Required work
Find the line containing "Ethan Herisse for" in the records below. Copy exactly that line and each one after it, ending at the line containing "Céline Dion –", and nothing more.

Extracted information
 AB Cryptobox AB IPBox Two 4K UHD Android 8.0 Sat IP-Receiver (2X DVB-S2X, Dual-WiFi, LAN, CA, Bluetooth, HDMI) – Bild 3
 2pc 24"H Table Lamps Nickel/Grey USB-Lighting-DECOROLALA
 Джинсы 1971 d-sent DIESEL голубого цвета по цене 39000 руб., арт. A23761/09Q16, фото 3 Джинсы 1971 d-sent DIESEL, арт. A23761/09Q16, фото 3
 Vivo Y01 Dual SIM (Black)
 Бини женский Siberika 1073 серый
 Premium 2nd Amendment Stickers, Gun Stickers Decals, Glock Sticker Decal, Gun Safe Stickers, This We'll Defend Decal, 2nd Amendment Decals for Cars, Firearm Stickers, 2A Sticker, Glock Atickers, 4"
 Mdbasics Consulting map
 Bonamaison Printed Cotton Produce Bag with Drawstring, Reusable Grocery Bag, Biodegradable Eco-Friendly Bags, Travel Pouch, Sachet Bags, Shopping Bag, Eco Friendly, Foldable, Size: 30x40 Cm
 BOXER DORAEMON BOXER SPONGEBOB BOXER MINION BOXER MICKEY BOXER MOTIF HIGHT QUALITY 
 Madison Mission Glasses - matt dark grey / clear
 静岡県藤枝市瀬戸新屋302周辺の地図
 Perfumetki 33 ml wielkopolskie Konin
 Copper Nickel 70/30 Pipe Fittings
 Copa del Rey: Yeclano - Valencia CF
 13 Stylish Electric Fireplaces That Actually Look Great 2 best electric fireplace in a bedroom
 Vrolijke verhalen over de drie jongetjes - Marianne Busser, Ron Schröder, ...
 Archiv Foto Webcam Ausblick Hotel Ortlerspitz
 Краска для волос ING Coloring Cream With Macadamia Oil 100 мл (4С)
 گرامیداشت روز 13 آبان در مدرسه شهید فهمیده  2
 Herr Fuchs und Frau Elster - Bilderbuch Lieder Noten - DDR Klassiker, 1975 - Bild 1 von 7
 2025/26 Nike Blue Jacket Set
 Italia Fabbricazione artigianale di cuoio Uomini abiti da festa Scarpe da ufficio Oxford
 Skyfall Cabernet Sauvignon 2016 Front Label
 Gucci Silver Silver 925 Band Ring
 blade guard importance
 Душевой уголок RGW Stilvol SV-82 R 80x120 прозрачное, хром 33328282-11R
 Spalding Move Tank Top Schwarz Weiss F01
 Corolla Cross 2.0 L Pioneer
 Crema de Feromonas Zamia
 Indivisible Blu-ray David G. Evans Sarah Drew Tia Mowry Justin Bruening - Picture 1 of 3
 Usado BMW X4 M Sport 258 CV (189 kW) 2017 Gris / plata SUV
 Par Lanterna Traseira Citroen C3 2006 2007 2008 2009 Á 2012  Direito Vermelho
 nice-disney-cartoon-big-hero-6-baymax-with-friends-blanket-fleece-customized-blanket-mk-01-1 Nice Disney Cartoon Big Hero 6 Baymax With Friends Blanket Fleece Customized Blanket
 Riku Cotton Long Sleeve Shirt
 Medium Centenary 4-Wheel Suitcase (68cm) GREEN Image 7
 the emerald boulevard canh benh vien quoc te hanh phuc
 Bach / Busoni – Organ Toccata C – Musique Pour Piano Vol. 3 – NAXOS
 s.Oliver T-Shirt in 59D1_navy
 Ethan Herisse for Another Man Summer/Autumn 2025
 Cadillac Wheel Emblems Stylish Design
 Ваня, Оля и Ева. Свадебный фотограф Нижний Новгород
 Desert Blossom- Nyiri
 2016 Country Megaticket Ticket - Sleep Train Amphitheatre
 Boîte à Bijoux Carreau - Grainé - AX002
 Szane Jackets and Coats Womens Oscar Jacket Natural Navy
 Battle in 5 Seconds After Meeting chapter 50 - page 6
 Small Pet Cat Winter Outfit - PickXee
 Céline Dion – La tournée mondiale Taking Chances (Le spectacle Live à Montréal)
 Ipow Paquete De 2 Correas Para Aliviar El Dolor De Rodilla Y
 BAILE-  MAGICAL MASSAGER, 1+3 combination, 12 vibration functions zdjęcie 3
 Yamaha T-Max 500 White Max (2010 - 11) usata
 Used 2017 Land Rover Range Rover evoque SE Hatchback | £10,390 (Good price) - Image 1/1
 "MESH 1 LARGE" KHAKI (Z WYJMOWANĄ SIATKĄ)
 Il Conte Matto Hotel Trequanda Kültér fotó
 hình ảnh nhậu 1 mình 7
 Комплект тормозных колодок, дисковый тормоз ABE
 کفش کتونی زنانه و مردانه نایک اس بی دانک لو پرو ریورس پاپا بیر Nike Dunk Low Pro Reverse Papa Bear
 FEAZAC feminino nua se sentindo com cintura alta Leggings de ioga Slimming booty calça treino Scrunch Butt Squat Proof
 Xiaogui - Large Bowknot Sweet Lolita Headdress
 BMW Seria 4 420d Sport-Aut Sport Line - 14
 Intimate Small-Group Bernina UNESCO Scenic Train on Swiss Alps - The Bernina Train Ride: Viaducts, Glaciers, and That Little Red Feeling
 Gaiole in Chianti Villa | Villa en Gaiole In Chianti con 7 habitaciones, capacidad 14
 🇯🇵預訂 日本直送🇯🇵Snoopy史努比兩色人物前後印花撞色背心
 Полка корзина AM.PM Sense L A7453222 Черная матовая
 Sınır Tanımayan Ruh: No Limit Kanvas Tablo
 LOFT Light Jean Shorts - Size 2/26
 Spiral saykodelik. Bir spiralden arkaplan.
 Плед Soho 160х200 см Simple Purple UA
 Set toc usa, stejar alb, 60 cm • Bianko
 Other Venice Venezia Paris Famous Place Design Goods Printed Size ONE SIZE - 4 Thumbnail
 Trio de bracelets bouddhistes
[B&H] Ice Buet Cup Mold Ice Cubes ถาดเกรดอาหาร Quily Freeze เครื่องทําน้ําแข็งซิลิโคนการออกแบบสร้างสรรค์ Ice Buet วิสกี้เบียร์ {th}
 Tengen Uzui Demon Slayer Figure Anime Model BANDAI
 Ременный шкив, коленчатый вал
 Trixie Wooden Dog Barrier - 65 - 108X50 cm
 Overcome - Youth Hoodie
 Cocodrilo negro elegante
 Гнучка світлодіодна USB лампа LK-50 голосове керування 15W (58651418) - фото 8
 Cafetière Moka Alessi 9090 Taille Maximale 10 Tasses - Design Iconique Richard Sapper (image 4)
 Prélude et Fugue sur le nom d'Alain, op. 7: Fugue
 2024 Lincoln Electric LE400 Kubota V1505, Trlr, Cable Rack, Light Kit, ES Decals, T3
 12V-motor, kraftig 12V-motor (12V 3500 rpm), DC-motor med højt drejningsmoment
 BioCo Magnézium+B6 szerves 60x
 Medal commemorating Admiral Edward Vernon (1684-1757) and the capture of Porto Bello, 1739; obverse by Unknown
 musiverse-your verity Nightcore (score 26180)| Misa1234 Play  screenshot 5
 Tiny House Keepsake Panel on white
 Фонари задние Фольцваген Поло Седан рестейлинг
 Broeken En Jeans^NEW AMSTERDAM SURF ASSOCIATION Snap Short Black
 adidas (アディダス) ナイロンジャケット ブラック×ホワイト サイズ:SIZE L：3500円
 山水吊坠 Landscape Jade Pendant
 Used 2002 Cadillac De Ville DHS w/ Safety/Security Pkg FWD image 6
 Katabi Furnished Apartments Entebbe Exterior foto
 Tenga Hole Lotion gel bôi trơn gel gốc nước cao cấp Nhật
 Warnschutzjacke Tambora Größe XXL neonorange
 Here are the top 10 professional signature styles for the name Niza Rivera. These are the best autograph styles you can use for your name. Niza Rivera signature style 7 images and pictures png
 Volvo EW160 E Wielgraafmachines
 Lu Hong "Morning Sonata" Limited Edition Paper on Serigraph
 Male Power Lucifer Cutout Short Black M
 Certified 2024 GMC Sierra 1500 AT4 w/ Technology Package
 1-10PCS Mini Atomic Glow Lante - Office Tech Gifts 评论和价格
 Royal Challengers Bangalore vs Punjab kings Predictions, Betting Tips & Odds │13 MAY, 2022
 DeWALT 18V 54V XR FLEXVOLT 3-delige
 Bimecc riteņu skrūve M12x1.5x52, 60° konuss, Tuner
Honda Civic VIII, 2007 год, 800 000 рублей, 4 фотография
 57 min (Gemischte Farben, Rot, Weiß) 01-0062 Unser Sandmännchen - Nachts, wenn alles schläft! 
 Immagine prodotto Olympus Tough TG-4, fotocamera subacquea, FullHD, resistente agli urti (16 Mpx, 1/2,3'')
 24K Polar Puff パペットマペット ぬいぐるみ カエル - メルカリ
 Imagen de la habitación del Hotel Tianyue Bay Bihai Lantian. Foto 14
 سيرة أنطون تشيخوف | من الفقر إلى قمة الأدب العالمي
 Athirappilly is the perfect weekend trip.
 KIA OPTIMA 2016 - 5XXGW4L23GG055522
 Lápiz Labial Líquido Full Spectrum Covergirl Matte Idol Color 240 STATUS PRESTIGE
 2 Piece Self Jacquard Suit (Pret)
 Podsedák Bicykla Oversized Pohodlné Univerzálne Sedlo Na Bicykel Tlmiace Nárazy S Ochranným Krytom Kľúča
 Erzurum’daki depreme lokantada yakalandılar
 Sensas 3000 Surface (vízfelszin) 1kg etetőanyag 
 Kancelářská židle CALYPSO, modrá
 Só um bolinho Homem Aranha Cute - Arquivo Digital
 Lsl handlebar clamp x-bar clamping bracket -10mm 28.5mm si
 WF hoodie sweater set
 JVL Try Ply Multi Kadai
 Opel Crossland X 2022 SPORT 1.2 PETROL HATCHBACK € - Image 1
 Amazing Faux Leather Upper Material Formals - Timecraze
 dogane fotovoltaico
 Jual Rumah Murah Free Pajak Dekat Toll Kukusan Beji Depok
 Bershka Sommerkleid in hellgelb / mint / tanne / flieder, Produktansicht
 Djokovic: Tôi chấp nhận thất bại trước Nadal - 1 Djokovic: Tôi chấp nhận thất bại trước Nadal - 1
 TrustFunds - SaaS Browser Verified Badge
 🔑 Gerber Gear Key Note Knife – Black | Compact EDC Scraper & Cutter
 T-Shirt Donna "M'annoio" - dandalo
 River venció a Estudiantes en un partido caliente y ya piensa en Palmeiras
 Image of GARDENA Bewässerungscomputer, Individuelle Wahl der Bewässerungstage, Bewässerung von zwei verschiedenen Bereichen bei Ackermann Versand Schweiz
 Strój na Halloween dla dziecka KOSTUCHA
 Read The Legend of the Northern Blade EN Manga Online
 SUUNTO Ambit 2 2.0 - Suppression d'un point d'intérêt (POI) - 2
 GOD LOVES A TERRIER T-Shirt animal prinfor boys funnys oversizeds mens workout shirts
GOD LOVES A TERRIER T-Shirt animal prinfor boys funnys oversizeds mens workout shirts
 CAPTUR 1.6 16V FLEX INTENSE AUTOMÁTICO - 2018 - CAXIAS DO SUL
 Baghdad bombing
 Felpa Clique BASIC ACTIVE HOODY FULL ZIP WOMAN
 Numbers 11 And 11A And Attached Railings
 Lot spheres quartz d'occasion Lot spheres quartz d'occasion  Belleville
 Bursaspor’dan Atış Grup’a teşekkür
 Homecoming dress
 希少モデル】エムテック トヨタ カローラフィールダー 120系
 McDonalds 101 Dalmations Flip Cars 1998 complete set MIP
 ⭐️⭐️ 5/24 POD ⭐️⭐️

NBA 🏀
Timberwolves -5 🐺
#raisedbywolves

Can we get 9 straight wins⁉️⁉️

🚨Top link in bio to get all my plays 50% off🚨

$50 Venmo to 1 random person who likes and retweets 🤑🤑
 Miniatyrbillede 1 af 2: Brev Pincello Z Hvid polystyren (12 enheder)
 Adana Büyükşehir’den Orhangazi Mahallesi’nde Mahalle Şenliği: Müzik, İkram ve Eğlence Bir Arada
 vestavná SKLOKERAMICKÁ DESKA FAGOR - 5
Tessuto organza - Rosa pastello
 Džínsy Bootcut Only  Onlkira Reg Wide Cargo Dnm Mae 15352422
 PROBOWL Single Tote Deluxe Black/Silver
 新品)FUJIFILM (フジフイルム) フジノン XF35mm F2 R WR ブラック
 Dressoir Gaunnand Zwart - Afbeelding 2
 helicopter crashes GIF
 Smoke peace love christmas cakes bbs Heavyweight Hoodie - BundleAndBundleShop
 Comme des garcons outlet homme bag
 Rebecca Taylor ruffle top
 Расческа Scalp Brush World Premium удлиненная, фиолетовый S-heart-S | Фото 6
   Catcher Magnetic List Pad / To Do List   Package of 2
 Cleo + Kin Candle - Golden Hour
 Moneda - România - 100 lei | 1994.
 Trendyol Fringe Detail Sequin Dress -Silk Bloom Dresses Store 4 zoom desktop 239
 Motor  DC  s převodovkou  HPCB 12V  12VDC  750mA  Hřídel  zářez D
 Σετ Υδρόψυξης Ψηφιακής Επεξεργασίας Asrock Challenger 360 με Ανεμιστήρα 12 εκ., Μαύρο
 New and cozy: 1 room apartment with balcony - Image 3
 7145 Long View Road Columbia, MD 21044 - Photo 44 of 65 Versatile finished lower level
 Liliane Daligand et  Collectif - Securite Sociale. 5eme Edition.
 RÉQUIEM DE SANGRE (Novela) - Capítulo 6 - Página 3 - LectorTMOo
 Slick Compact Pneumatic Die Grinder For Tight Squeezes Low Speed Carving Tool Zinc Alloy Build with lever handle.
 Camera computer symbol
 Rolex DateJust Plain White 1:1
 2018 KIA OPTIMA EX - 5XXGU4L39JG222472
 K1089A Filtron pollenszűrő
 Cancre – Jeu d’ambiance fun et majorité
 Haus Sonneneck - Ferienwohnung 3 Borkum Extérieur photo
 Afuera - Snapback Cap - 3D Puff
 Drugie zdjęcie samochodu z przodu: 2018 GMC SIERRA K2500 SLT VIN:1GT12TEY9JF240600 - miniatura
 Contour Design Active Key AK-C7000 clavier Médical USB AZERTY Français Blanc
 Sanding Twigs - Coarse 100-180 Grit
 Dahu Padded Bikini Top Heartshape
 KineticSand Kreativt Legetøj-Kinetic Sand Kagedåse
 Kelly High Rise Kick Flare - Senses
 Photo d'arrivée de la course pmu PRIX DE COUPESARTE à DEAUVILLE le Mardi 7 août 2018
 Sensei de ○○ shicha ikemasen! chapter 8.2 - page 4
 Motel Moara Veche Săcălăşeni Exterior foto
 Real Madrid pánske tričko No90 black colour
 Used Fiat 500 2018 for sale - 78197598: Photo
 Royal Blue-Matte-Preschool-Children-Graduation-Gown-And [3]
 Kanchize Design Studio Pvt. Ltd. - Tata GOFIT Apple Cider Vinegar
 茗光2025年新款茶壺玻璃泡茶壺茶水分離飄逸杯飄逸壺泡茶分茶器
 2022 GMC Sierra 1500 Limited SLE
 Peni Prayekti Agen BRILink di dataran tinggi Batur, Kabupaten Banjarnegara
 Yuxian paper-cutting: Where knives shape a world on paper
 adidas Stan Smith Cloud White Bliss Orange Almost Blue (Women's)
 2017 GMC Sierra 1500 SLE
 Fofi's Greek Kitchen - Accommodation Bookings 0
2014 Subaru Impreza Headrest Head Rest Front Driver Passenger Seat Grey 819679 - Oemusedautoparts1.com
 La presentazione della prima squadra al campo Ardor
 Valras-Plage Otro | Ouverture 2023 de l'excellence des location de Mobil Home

Response box
 Ethan Herisse for Another Man Summer/Autumn 2025
 Cadillac Wheel Emblems Stylish Design
 Ваня, Оля и Ева. Свадебный фотограф Нижний Новгород
 Desert Blossom- Nyiri
 2016 Country Megaticket Ticket - Sleep Train Amphitheatre
 Boîte à Bijoux Carreau - Grainé - AX002
 Szane Jackets and Coats Womens Oscar Jacket Natural Navy
 Battle in 5 Seconds After Meeting chapter 50 - page 6
 Small Pet Cat Winter Outfit - PickXee
 Céline Dion – La tournée mondiale Taking Chances (Le spectacle Live à Montréal)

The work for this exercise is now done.